How much space to leave free on HDD or SSD?

Though I can't talk about "research" being published by "peer reviewed journals" - and I wouldn't want to have to rely on those for day-to-day work - I can though talk about the realities of hundreds of production servers under a variety of OSes over many years:

There are three reasons why a full disk reduces performance:

• Free space starvation: Think of temp files, Updates, etc.
• File system degradation: Most file systems suffer in their ability to optimally lay out files if not enough room is present
• Hardware level degradation: SSDs and SMR disks without enough free space will show decreased throughput and - even worse - increased latency (sometimes by many orders of magnitude)

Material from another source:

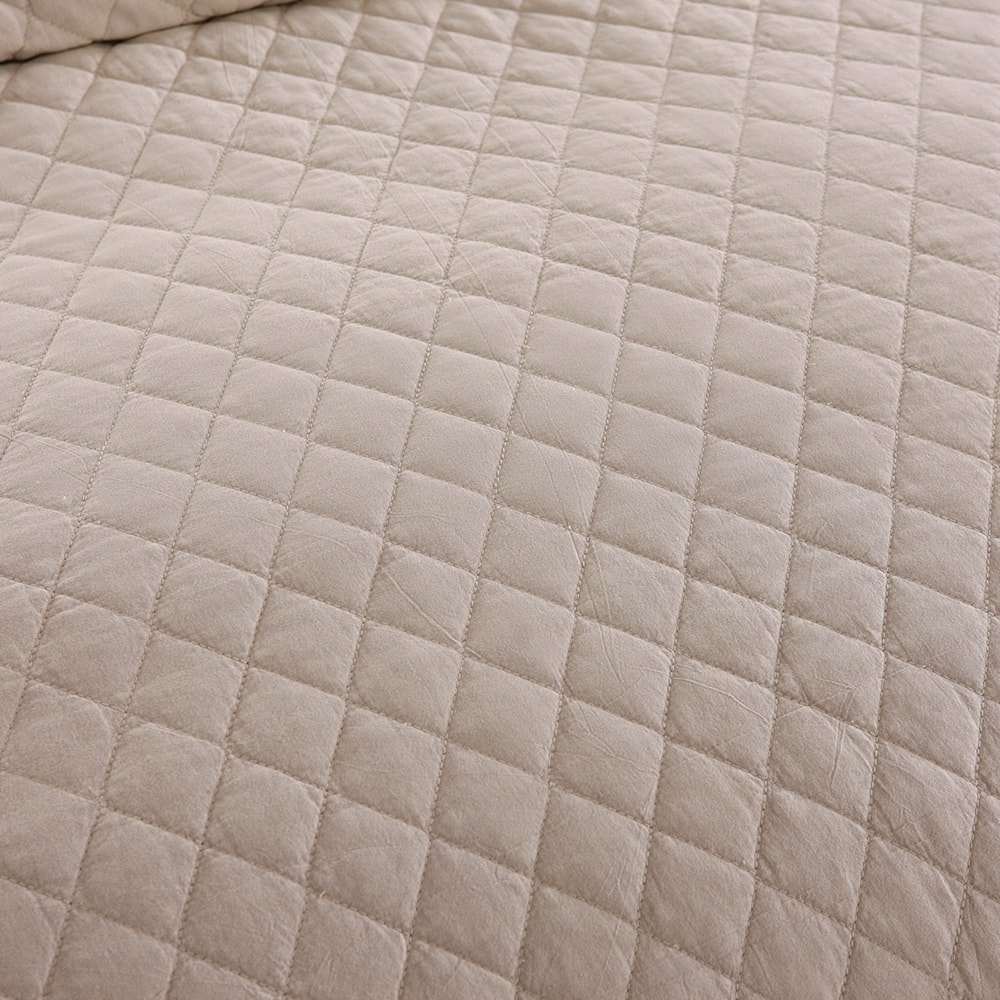 3 Piece Ruffle Quilt Set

The first point is trivial, especially since no sane production system would ever use swap space in dynamically expanding and shrinking files.

The second point differs highly between file systems and workload. For a Windows system with mixed workload, a 70% threshold turns out to be quite usable. For a Linux ext4 file system with few but big files (e.g. video broadcast systems), this might go up to 90+%.

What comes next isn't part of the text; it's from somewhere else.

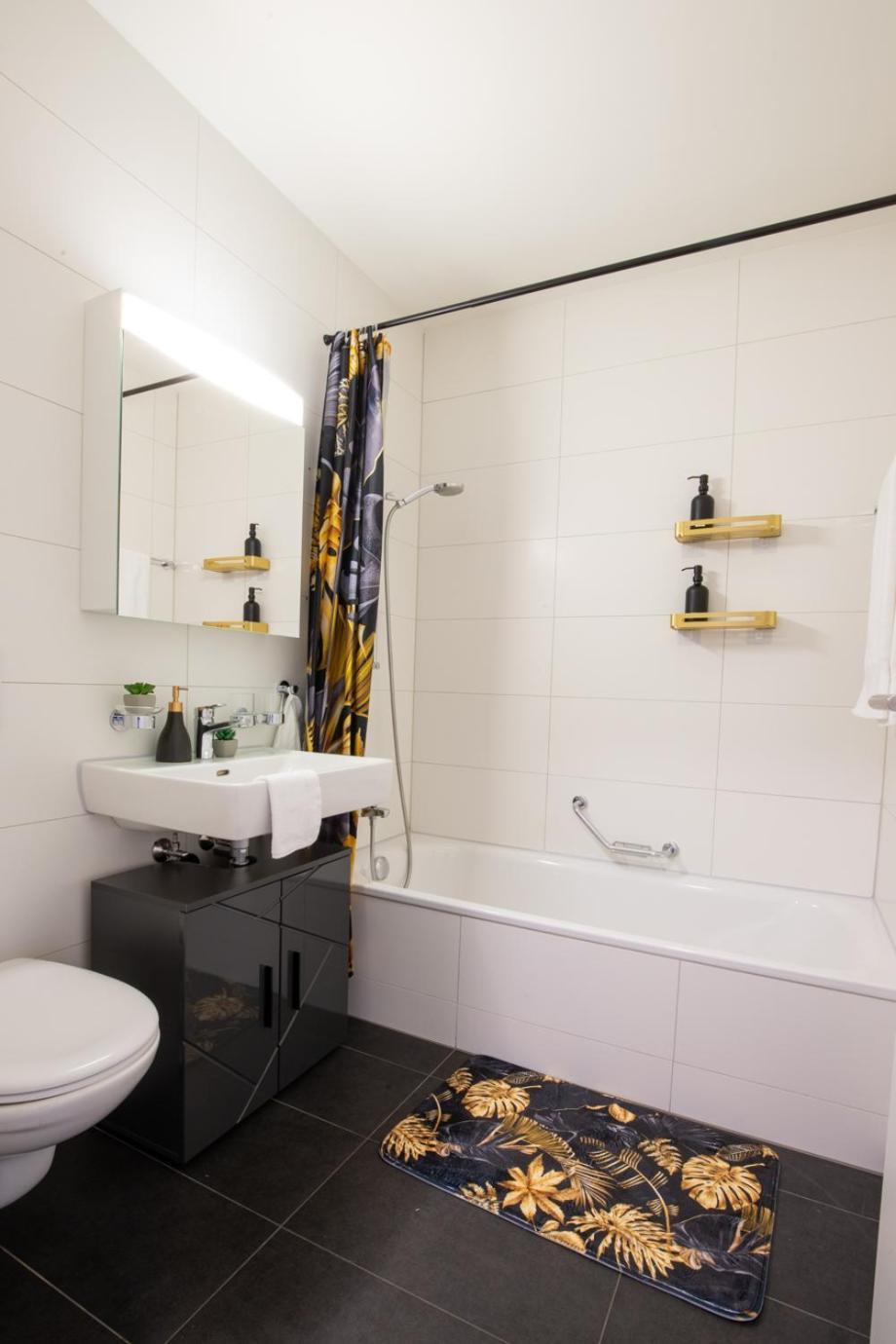 Special Einstein Iiv Apartment, Messe Kleinbasel 10-Star Exterior foto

The third point is hardware and firmware dependent, but especially SSDs with a Sandforce controller can fall back in free-block erasure on high-write workloads, leading to write latencies going up by thousands of percent. We usually leave 25% free on the partition level, then observe a fill rate of below 80%.

Recommendations

I realize that I mentioned how to make sure a max fill rate is enforced. Some random thoughts, none of them "peer reviewed" (paid, faked or real) but all of them from production systems.

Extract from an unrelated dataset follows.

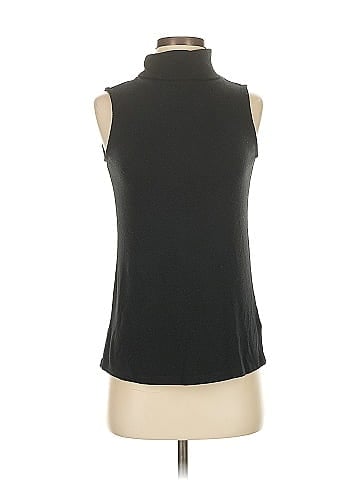 Scoop Sleeveless Top (view 1)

• Use filesystem boundaries: /var doesn't belong into the root file system.
• Monitoring, monitoring, monitoring. Use a ready-made solution if it fits you, else parse the output of df -h and let alarm bells go of in case. This can save you from 30 kernels on a root fs with automatic-upgrades installed and running without the autoremove option.
• Weigh the potential disruption of a fs overflow against the cost of making it bigger in the first place: If you are not on an embedded device, you might just double those 4G for root.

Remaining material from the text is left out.